**** Records for this exercise

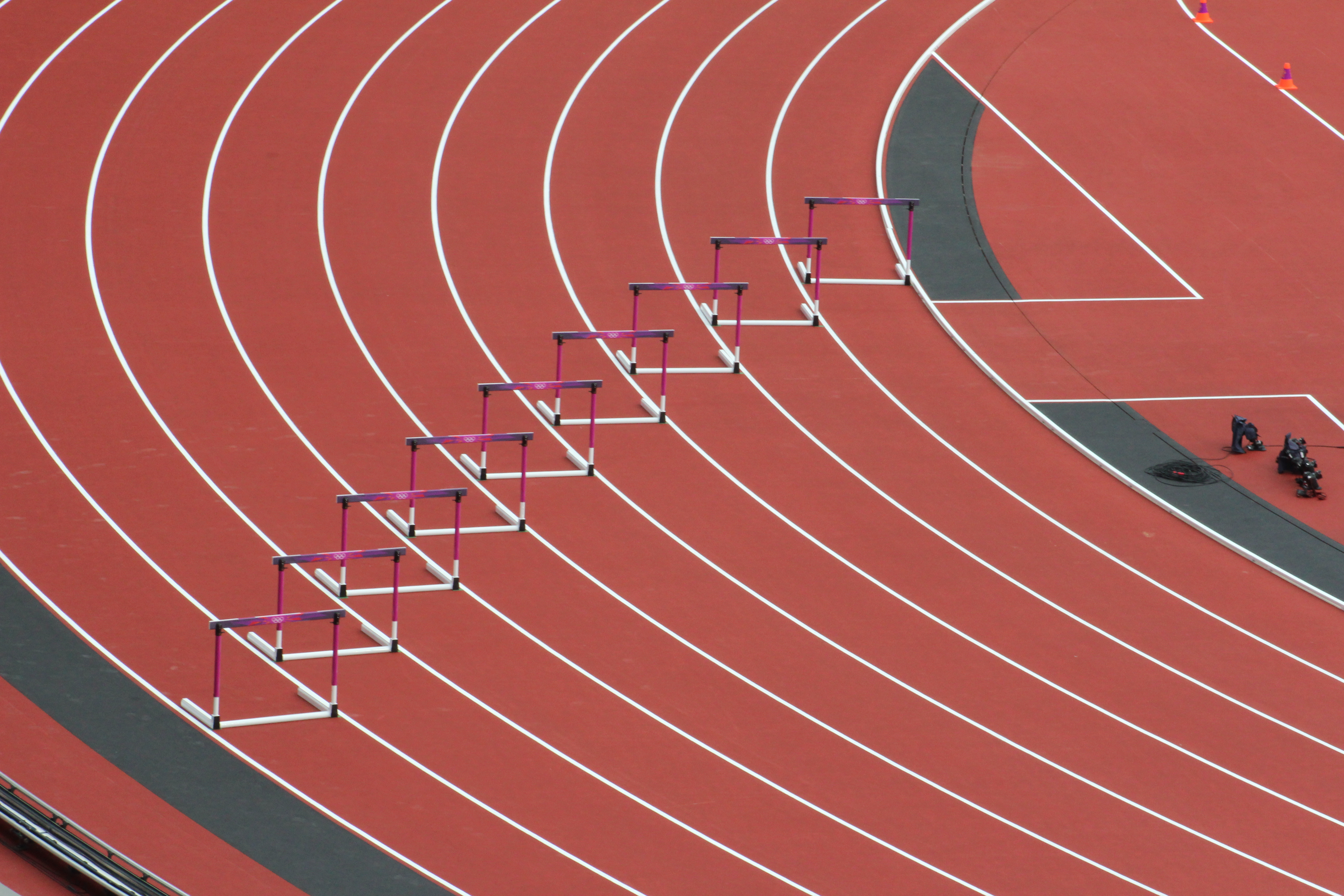 <p>photo of empty track with hurdles</p>
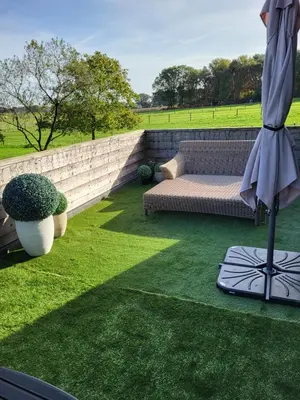 a patio with a couch and an umbrella on the grass at Welness gastenverblijf Carpe Diem in Oudsbergen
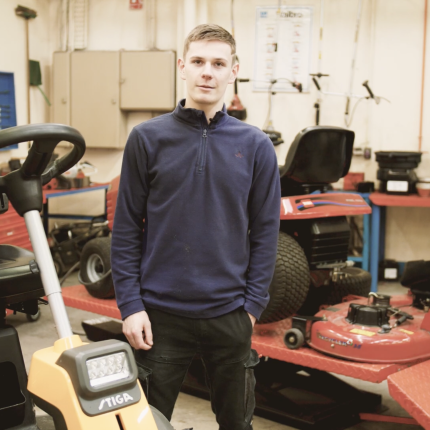 Jeune-homme apprenant la mécanique en matériels d'espace vert posant devant des engins dans un atelier.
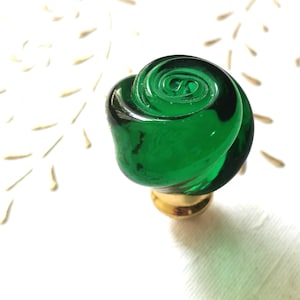 Puede incluir: Un pomo de armario de vidrio verde en forma de rosa con una base dorada.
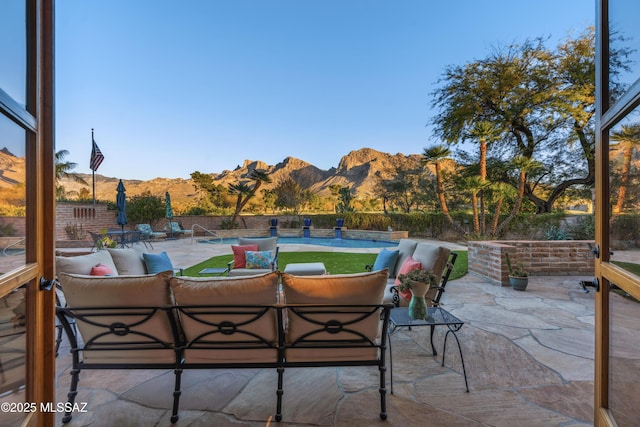 view of patio / terrace with a mountain view and outdoor lounge area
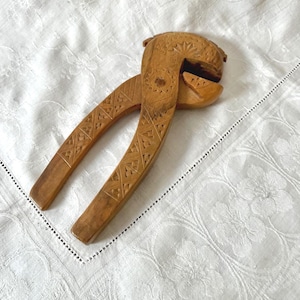 May include: A vintage wooden nutcracker with detailed carvings. The light brown nutcracker has a lever design with decorative patterns on the handles and head. It rests on a white tablecloth with a floral pattern. The nutcracker is likely from the mid-20th century.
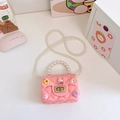Pink silicone jelly bag for girls featuring pearl handle and cute cartoon charms - Pink
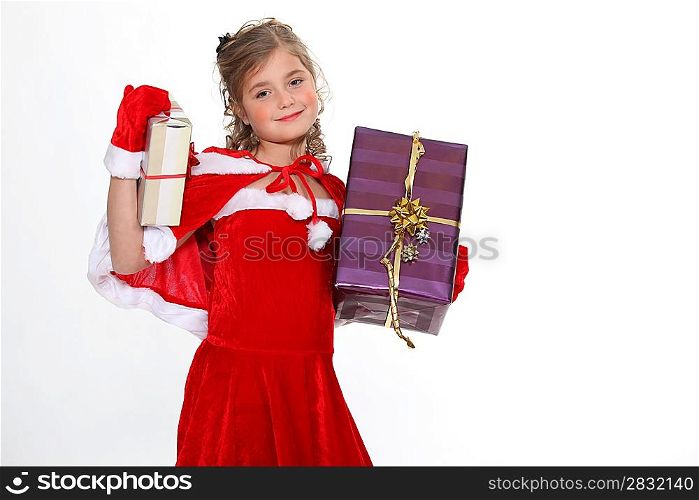 Girl in a Santa costume bearing gifts
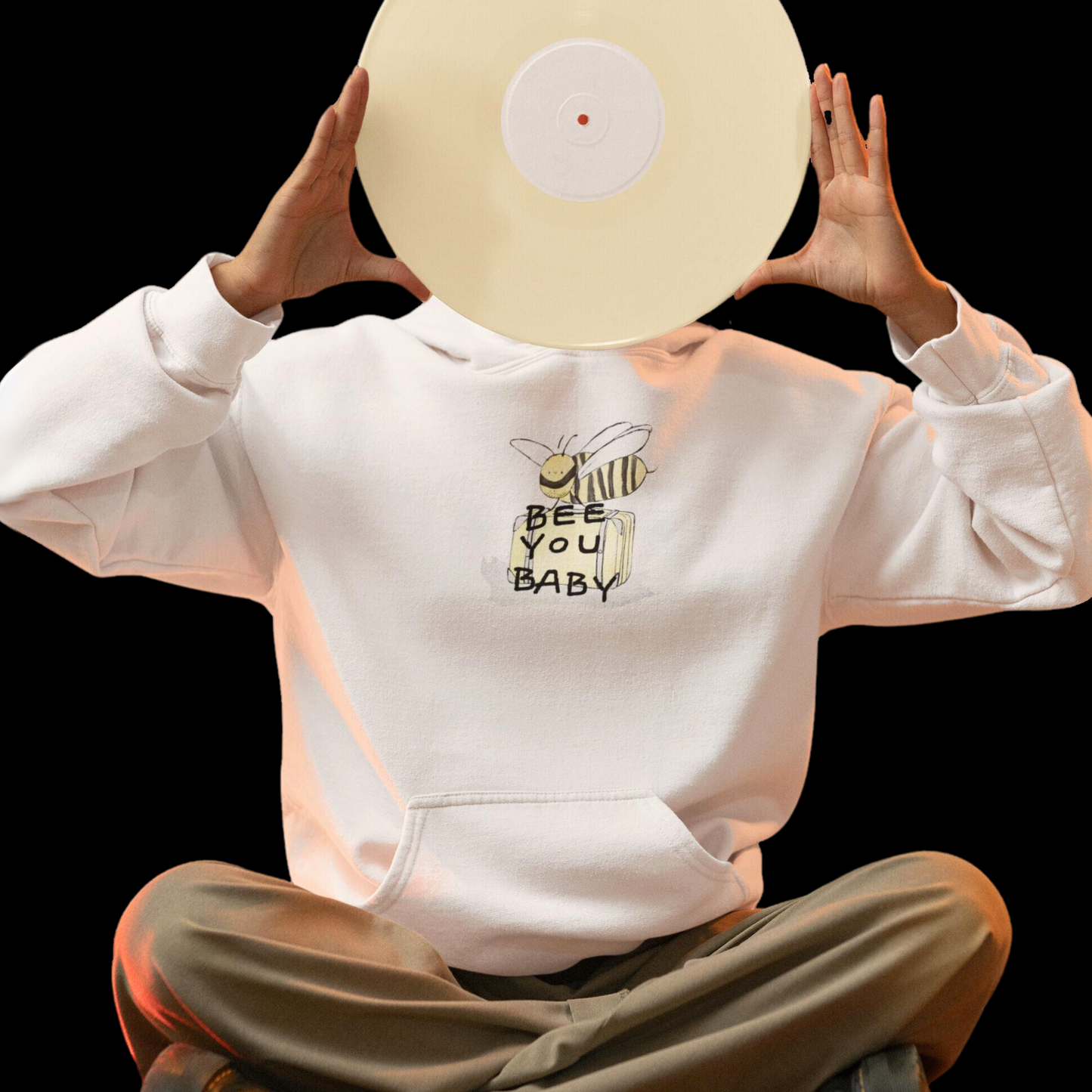 white graphic hoodie with a graphic on the top front of a bee smiling carrying luggage with the words "bee you baby" on top.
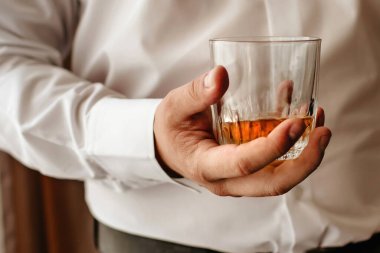 Elinde bir bardak viski olan beyaz gömlekli bir adam. İşte yorucu bir günün ardından rahatlama. Konyak güçlü erkekler için elit bir alkoldür.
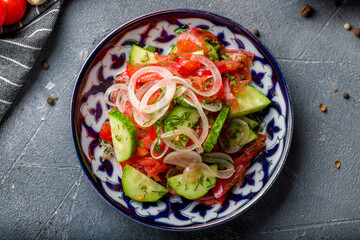 Vegetable salad with tomatoes and cucumbers with red onion on grey table top view, shakarop salad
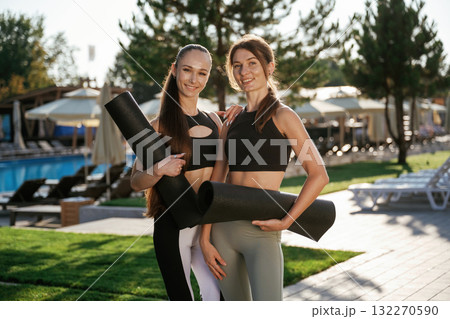 Black yoga mats in hands, standing. Two fitness women are together outdoors, conception of sport Black yoga mats in hands, standing. Two fitness women are together outdoors, conception of sport 132270590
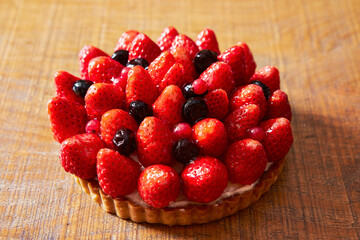 Strawberry blueberry cake on wooden table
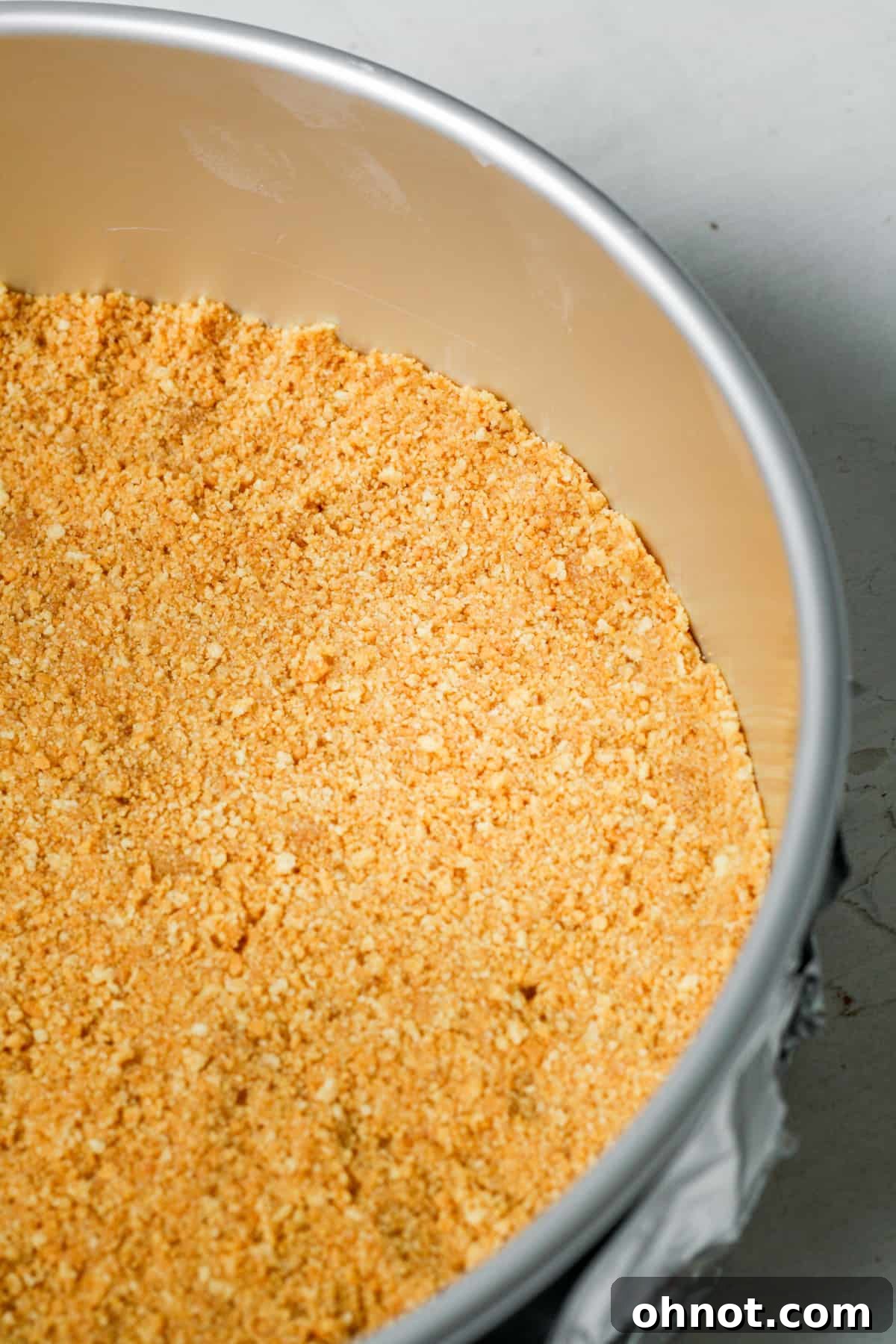 Cheesecake crust evenly pressed into the bottom of a springform pan.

********

** The problem **
Without the pictures, set down the lines above from the line with "Puede incluir: Un" up to and including the line with "view of patio" exactly as they stand.

** Solution for this exercise **
 Puede incluir: Un pomo de armario de vidrio verde en forma de rosa con una base dorada.
 view of patio / terrace with a mountain view and outdoor lounge area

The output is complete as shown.